Pengukuran tekanan darah meliputi pengukuran langsung, yang bersifat invasif, dan pengukuran tidak langsung, yang dilakukan dengan sfigmomanometer.
1. Pengukuran langsung: Kateter dikirim ke arteri perifer, seperti arteri radial, melalui tusukan kulit.

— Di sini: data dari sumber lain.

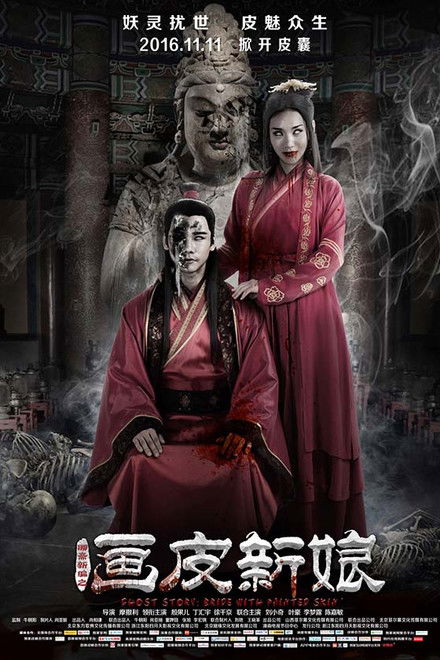 The Bride With Painted Skin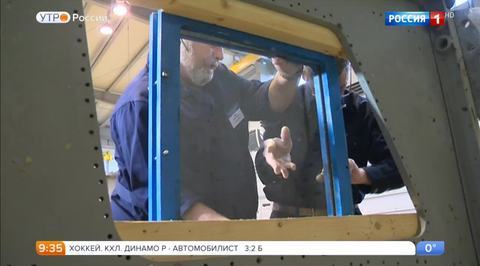 Эфир от 20.11.2017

Ujung kateter dihubungkan ke alat pengukur tekanan, yang secara otomatis menampilkan nilai tekanan darah, meskipun akurat, tetapi ini adalah operasi invasif, yang terutama digunakan pada kasus-kasus yang sulit dan kritis.
2. Metode pengukuran tidak langsung: peserta ujian dilarang minum kopi selama setengah jam, istirahat selama 5 menit dalam keadaan tenang, posisi duduk, siku dan jantung pada bidang yang sama, manset dililitkan pada soket siku 2,5 cm, stetoskop ditempatkan di arteri brakialis di bawah manset untuk melakukan auskultasi, menekan hingga denyut arteri brakialis menghilang lalu naik 30mmHg, perlahan mengempis untuk mendengar denyut pertama untuk tekanan darah sistolik, dan terus mengempis hingga denyut menghilang untuk membaca tekanan darah diastolik.
Dalam kehidupan sehari-hari, kita harus memperhatikan untuk memantau tekanan darah, hari yang tidak sama lebih dari tiga kali menemukan bahwa tekanan darah naik dianjurkan sesegera mungkin untuk berkonsultasi ke rumah sakit.